Three: dancing the blues
The weeks around Christmas and New Year are always too overwhelming to remember with much clarity. The days are hurried along by impatient children and exhausted mothers whose ideas for presents are rapidly running out, while the nights are blurred by bright lights and foggy air. Parties with fairy lights and supermarket mince pies punctuate these weeks but they are mostly all the same and will be the same next year and the year after. One party however, which had slipped unexpectedly into this year’s calendar, was not so predictable…
Huddled in the back of an uber with our coats tugged tightly around our shoulders, we arrived outside a square brick building devoid of any of the usual Christmas paraphernalia. No multi-coloured lights, glittery tinsel, or garish Santa pinups were anywhere to be seen. What sort of party was this? Suspicious, we pushed open the door and walked in.
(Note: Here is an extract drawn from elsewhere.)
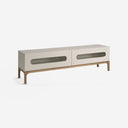 Mueble TV madera gris y nogal con iluminación interior sobre fondo gris de estudio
There was heat and there were people and there was music. A deep raspy voice and the strum of metal strings carried through the muggy air and everyone was dancing.
For those of you unacquainted with blues dancing, as I was, here’s what I observed:
Blues dancing is not what comes to mind when I think of a partnered dance. I think of the poise and elegance of a waltz, or the sharp lines of a tango. Two people moving through space with accuracy and direction, seemingly holding one another up whilst also appearing as though they could be separated and still maintain a perfect body shape. The frames of their bodies simply fit neatly together like puzzle pieces. But in Blues there is an earthiness in the way partners move. Knees melt, elbows are soft, and bodies seem to sink into each other as though they are relieved that the other person is there to hold them. It’s swampy but sexy, loose but close.
From across the room I watched a man and woman swirling through thick air and blurs of bodies. They held each other with the understanding and trust of an old couple who’d been in love for decades, but they were young and they were strangers.
They danced to the music but also to the beats and pulses of each other; their breaths, the relaxing and contracting of their muscles, the pushes and gives of hand to back or palm to palm. I watched a conversation spoken through the bodies of two people who want to know everything about each other but also already do. The man wore a faded flat cap and a soft linen shirt. The woman wore loose trousers and a spaghetti-strap top. He smiled as he gently spun her away, opening the space between their chests. She smiled as she stepped back toward him, closing the space again.
The song ended but the pair remained close, breathing the last breath of their dance. They looked up and thanked one another for the vulnerable and beautiful time they had just shared, and then they slowly parted and were swept away into the fog of people.